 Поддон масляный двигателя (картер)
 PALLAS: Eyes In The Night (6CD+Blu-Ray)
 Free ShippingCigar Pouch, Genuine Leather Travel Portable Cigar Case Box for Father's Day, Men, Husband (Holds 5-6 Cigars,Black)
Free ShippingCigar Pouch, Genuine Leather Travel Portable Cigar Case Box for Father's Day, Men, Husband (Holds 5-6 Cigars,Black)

---+---

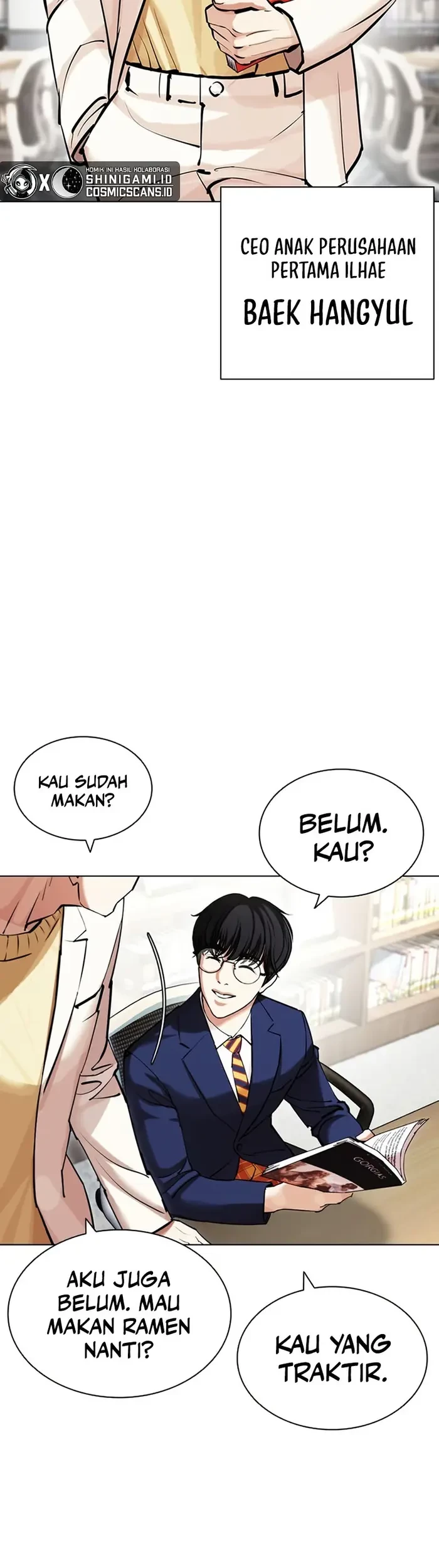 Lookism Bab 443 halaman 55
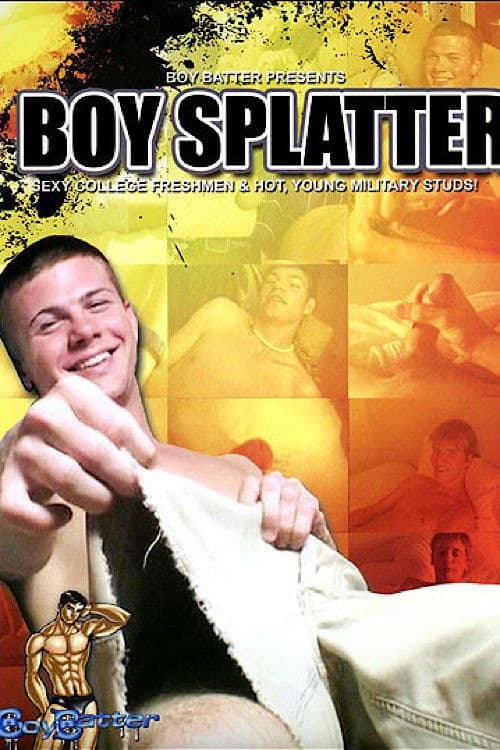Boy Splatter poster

---+---

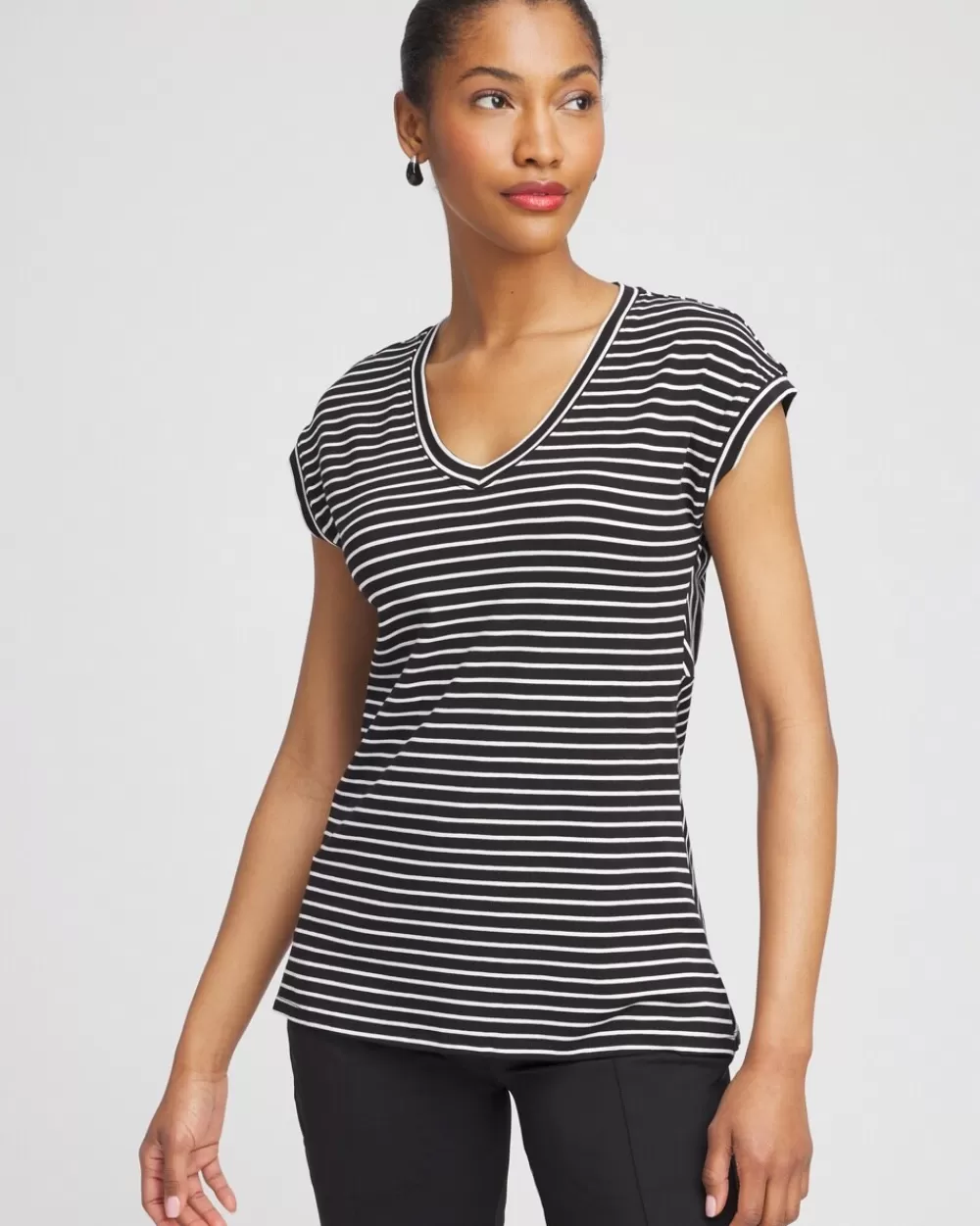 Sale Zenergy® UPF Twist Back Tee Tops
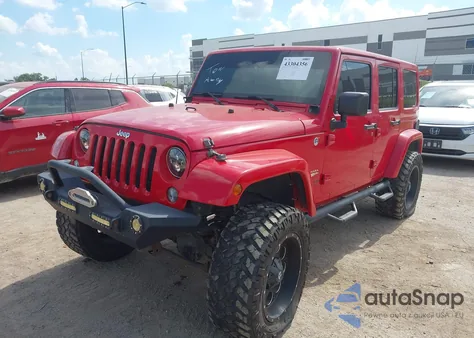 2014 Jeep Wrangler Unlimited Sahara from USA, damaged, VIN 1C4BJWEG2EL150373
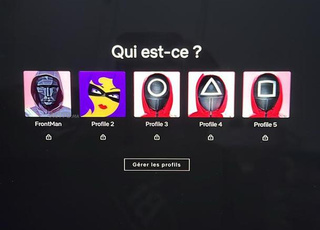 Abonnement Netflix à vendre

---+---

**Exercise instructions:**
When you find a line in the records that contains the word "Portable", copy it.

**Written answer:**
 Free ShippingCigar Pouch, Genuine Leather Travel Portable Cigar Case Box for Father's Day, Men, Husband (Holds 5-6 Cigars,Black)
Free ShippingCigar Pouch, Genuine Leather Travel Portable Cigar Case Box for Father's Day, Men, Husband (Holds 5-6 Cigars,Black)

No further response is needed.